終わってみれば、序盤が1番難しかったということに気付きます。序盤の段階で、ゲームのイロハをプレイヤーに叩き込むため、やや厳しい調整にしているのだと思います。
序盤の難関であるボス、ミノタウロスやメデューサなどでつまづき、心折れて投げ出してしまったプレイヤーもいるのではないでしょうか。
このあたりのボスは力押しだけでは突破できるようになっていません。メガテンシリーズのプレイヤーなら常識かもしれませんが、カジャ系で自己強化したり、属性をそろえて対策したりする、といった、このゲームの攻略法に自力でたどり着いてもらうための登竜門になっています。
「これちょっと強すぎでは…」と思った人も多いと思うのですが、そう思った時点でおそらく開発者の思惑にハマっているのでしょう。ギリギリの戦いを制してボスを撃破したときのカタルシスは極大です。この刺激が忘れられず、次の激戦を求めて仲魔の強化を図り続けるようになれば、後は最後まで走り抜けるだけです。
いってみれば、「山登り」なのかもしれません。辛い思いをして頂上を目指し、「二度とゴメンだ」と考えつつも、頂上にたどり着いたときの感動を忘れられず、次の山を目指してしまうような。
山登り的な感覚は2周目の存在についても言えるかもしれません。今回は「転生リスタート」という、いわゆる「強くてニューゲーム」が用意されているため、1周目では苦労したボスたちを一瞬で葬り去りつつ進めることができます。これは壮快。
マルチエンドという作りの都合上、周回プレイせざるをえない面はあるというものの、ちゃんと周回プレイを前提とした作り込みがなされているのも見逃せません。1周目には登場しなかったクエストが追加されているのですが、クエスト報酬の経験値は非常に高いため、おいしくいただくこともできます。2周目は2周目として、新しい体験ができるようになってるということですね。
主人公の属性によって台詞が変わったり、ボス敵にも会話用の台詞が用意されていたりと、周回プレイしても飽きさせないための作り込みは目を見張るものがあるかも。
スリリングでテンポのよい戦闘はシリーズ随一
『真3』から引き続き「プレスターン制」を導入した戦闘は、非常にスリリングなものに仕上がっています。
弱点を突いたり、クリティカルが出ると、行動回数が追加。反対に、効果のない攻撃をしてしまったり、ミスをすると行動回数が減少してしまう。しかも、敵も同じルールで動いているため、弱点を突かれると敵のターンがなかなか終わらず、一気にピンチを招いてしまう。
『真4』では、ここにさらに「ニヤリ」という起爆剤が追加されることで、よりハイリスクハイリターンな攻防になっています。たった1つの選択ミスが全滅を招くこともあれば、属性さえかみ合えば一気に勝利することもあります。このスピード感は壮快。

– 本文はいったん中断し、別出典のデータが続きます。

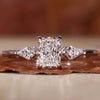 Radiant and Kite Cut Lab Grown Diamond Three Stone Engagement Ring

今回は、主人公の操作以外でも、ストック内の仲魔と交代することができたり、仲魔を召喚してもそのまま行動できたりするので、よりテンポがよくなっています。ストック内のベンチメンバーを目まぐるしく入れ替えて戦うこともできるため、悪魔召喚師の気分を味わいつつ、ギリギリのバトルに手に汗握ることも。
携帯機ならではの特色がゲーム内容とマッチ
スリープモードを搭載した携帯機は、いつでもどこでも中断できるので、長時間プレイとなるRPGとの相性は良いのですが、『真4』では、それだけでなく、携帯機であることを活かしたシステムが、ゲームの内容とうまくマッチしているように感じます。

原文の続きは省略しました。